The government and army are led by Hutus, the majority ethnic group in Rwanda, while the rebels are mostly Tutsis. The militias are mainly Hutu, and the implication is that the slain orphans were Tutsis, as have been virtually all victims of the massacres.


Bihozagara said an international force would serve to prevent the rebels from advancing against government forces, whom he blamed for the massacres.


''It would protect the killers,'' he told reporters in Brussels, Belgium.


The rebels will reject appeals for a cease-fire until army units and militias they hold responsible for the massacres are ''dissolved and disarmed,'' said Bihozagara.


The United Nations reported heavy shelling today in Kigali, where civilian gangs and militias still control much of downtown.


U.N. spokesman Abdul Kabia, speaking by telephone from Kigali, said there are reports the massacres have diminished in the city but continue in the countryside, particularly southern areas controlled by the army and militias.


Aid teams sent to assess the number of needy have uncovered hundreds of thousands of people throughout Rwanda.
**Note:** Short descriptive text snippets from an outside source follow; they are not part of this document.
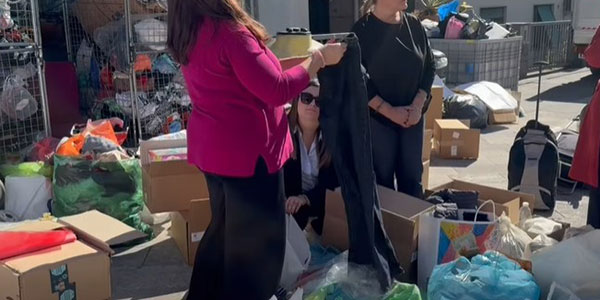 Salerno Pulita, al centro raccolta mobile consegnati abiti e giochi per la Crisalide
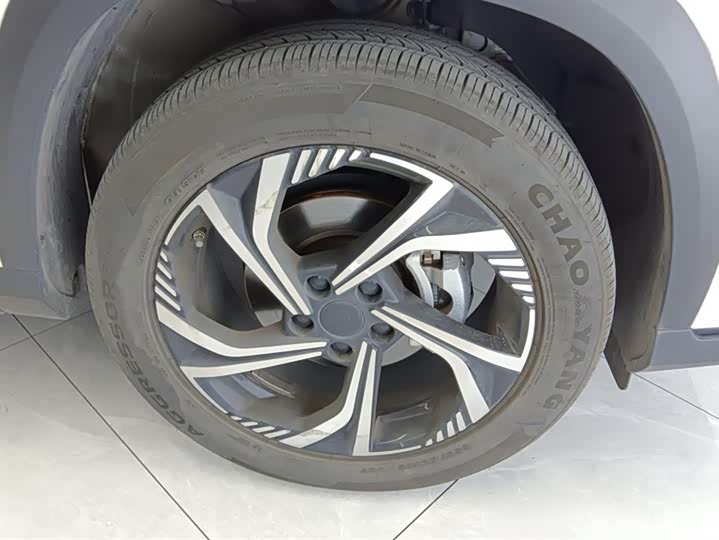 Geely Atlas 2023 2023款 博越COOL 1.5TD 智慧型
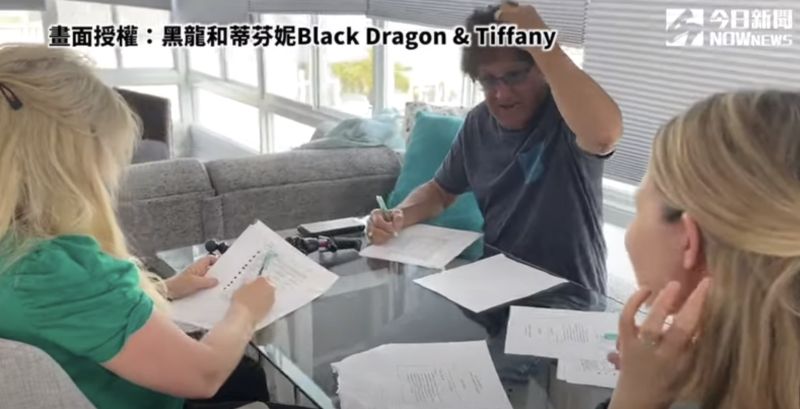 ▲讓外國人考台灣英文指考，他們能拿到幾分呢？（圖／黑龍和蒂芬妮Black Dragon & Tiffany 授權）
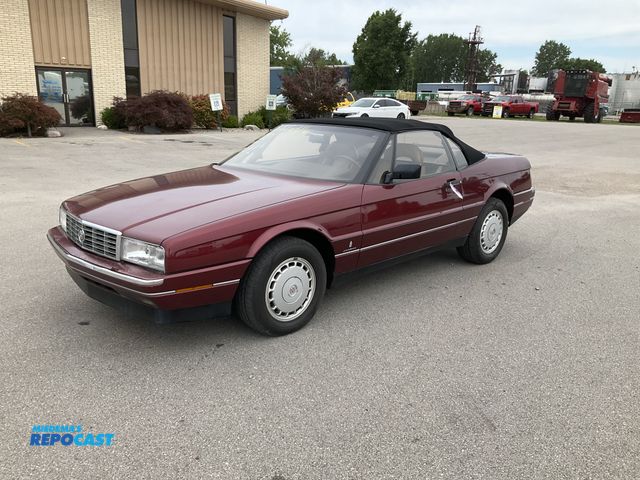 Lot 2-30167 - 1988 Cadillac Allante Convertible FWD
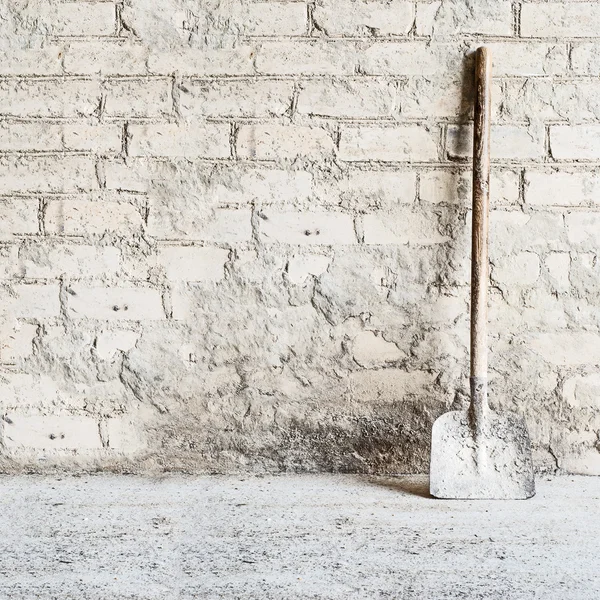 Fondo de la pared grunge en el molino, pala cerca de la pared — Foto de Stock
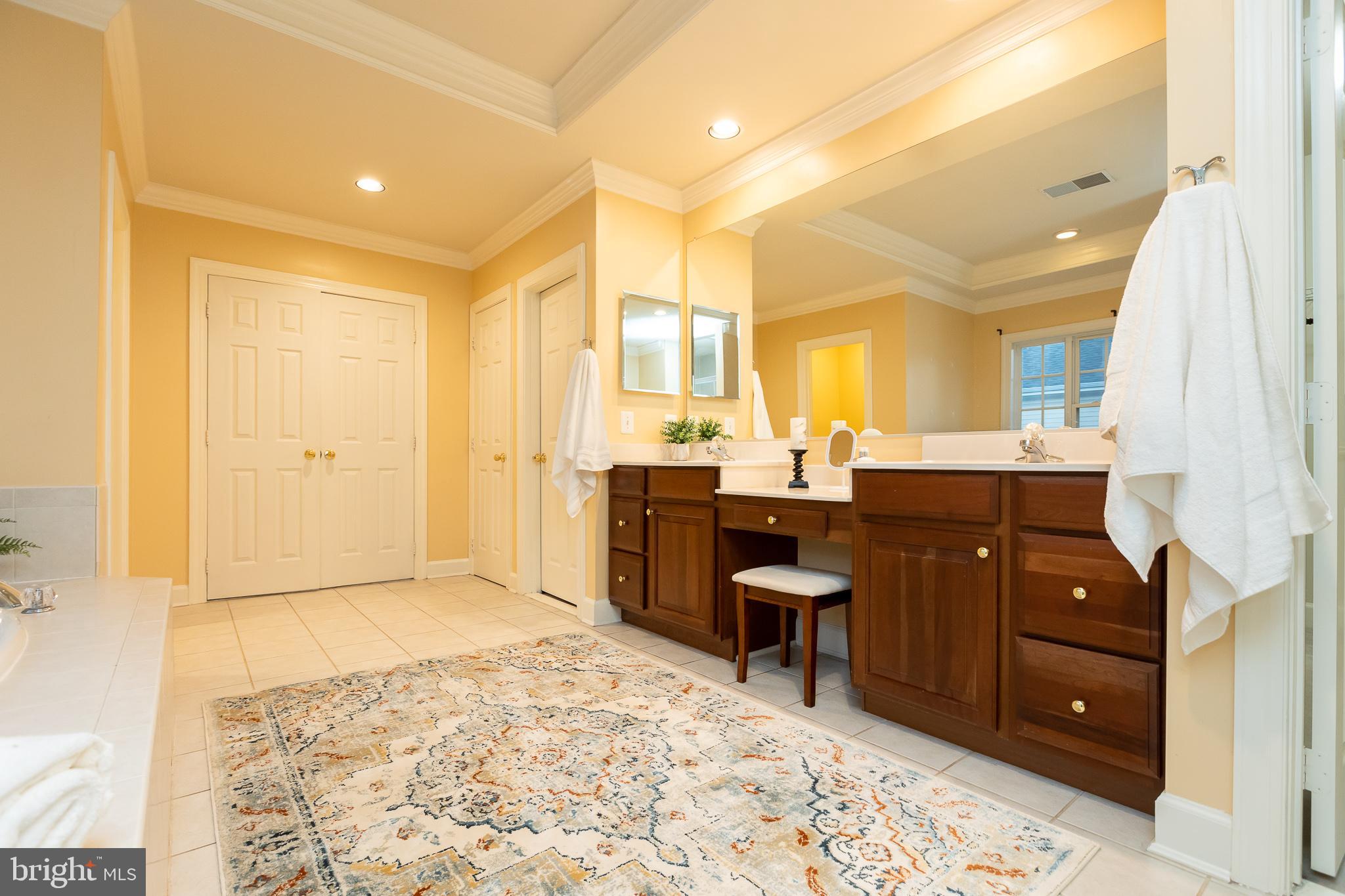 KING FARM WATKINS POND - Residential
An estimated 250,000 of Kigali's 350,000 residents have fled the city, said Emery Brusset, spokesman for the U.N.'s emergency humanitarian effort in Rwanda.


U.N. officials estimate that some 20,000 people are sheltered in unguarded churches throughout the capital, as well as in the known U.N. safe havens: a stadium, hospital and two hotels.

Some are afraid to tell even the United Nations where they are hiding.


''Parishes around the city are playing the role of refuge for a lot of people, but people will not tell us where they are hiding because they feel threatened,'' Brusset said in Nairobi.


He said delivery of aid under the blue U.N. flag draws attention to the safe havens, drawing possible retribution as well as attacks to steal the food.


Twelve people were killed and 113 wounded Sunday when mortar rounds exploded at a church crowded with refugees.


Kabia, the U.N. spokesman, said military observers hope to evacuate some 300 people staying in a hotel under U.N. protection.


Truck convoys were being readied today in Uganda to take food to an estimated 250,000 displaced in the north, said U.N. World Food Program spokesman Francis Mwanza.


In the south, a team took 17 tons of food under Rwandan army escort and discovered 65,000 people outside the town of Butare, evacuated by relief workers more than a week ago following a massacre of hospital patients.


Meanwhile, U.N. officials went to Tanzania to see if there was any chance for peace talks proposed by the Tanzanian president.


In the United States, the Clinton administration sent a State Department team to the region, including a possible stop in Tanzania, to offer support for African efforts to stop the conflict.


The administration also said Monday it will contribute $15 million to the United Nations humanitarian aid effort.